Sustainable Development majors build a foundational understanding of how the spheres of sustainability—environment, economics, and society—impact each other. Studying the breadth of these subjects allows students to develop a holistic understanding of key issues facing humanity and the environment. This understanding drives efforts to meet current sustainability needs with solutions that don’t sacrifice the future.
Courses in environmental science, sociology, public health, and economics form a foundation for advanced Sustainable Development classes. To build your experience, faculty will encourage you to obtain practical experience by working on sustainability projects on campus, in the local community, and internationally.

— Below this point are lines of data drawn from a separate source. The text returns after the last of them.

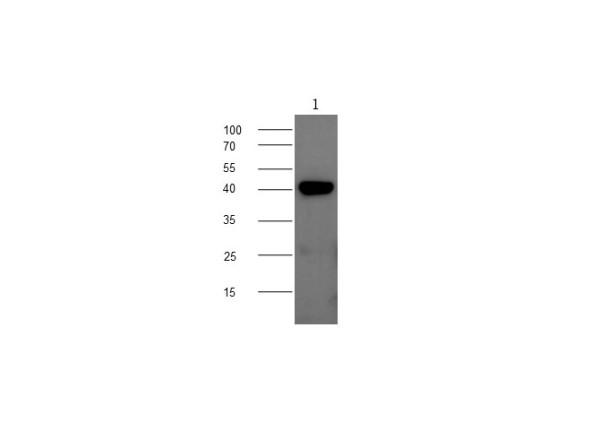 Anti-CHI3L1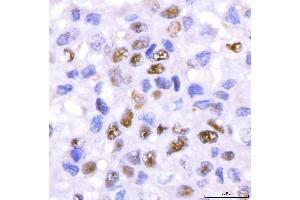 IHC analysis of CRTC3 using anti-CRTC3 antibody (ABIN7599779). (CRTC3 antibody  (AA 116-619))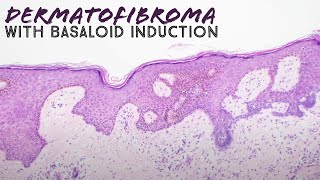 Dermatofibroma with basaloid follicular induction pathology mimic of basal cell carcinoma dermpath [upl. by Selry632]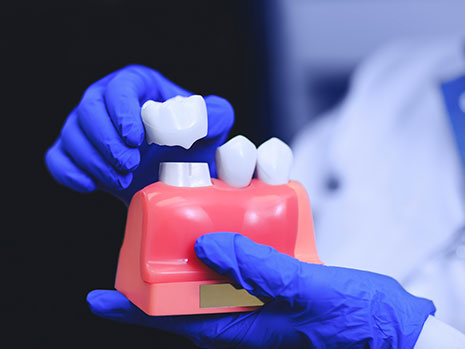 crown lengthening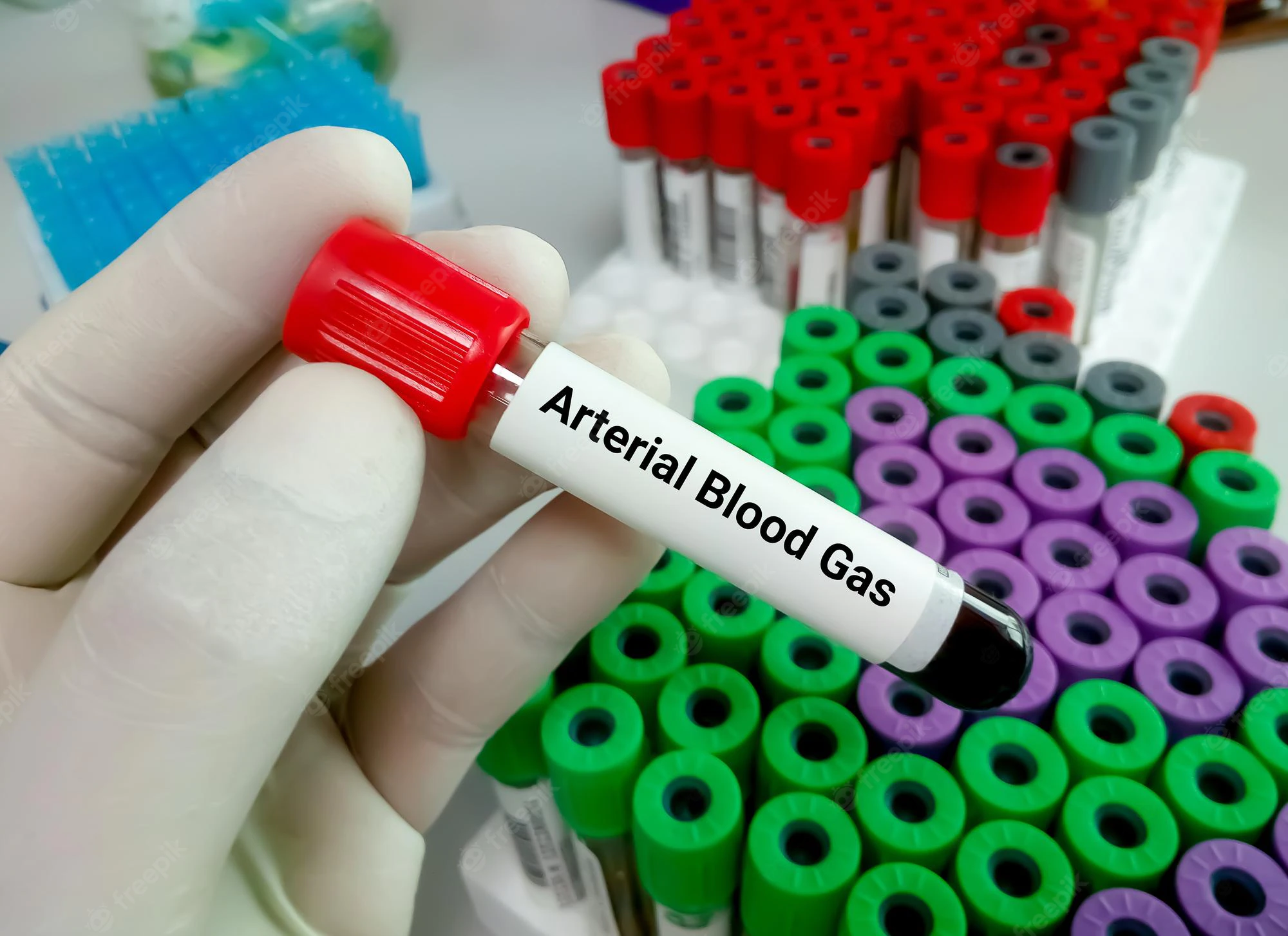 Arterial Blood Gas ABG
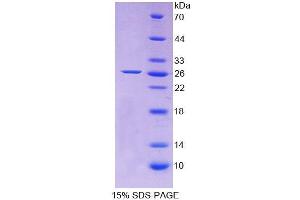 SDS-PAGE analysis of Rat Apolipoprotein A5 Protein. (APOA5 蛋白)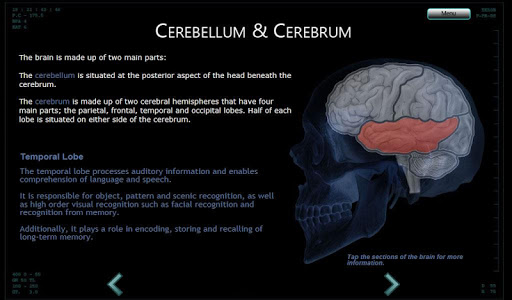 Interactive Brain Anatomy -MRI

Sustainable Development students grow in their knowledge, skills, and motivation for sustainability by putting principles into practice. After learning core sustainable development principles through courses in environmental law, global health, geospatial analysis, microeconomics, ecology, geology, and cultural anthropology, each student chooses from a wide range of electives to put into practice aspects of sustainability, such as one of the following:
Investigate environmental aspects that affect human health. Promote healthy communities and foster better relationships between people and the environment. Classes focus on community health, epidemiology, and equity. Studies in Ecuador are available.
Students interested in working toward improving the supply of healthy food while also maintaining environmental quality can take courses in agroecology, food systems, soil science, and more. You can even travel to Malawi for your field course.
Study global water issues and resource management. Discover how hydrogeology and environmental chemistry connect to develop sustainable plans for proper water quality and distribution. A water resource field course is offered in Guatemala.
Study what sustainability looks like in an urban context through courses in ethnic and minority issues, community and urban affairs, and health.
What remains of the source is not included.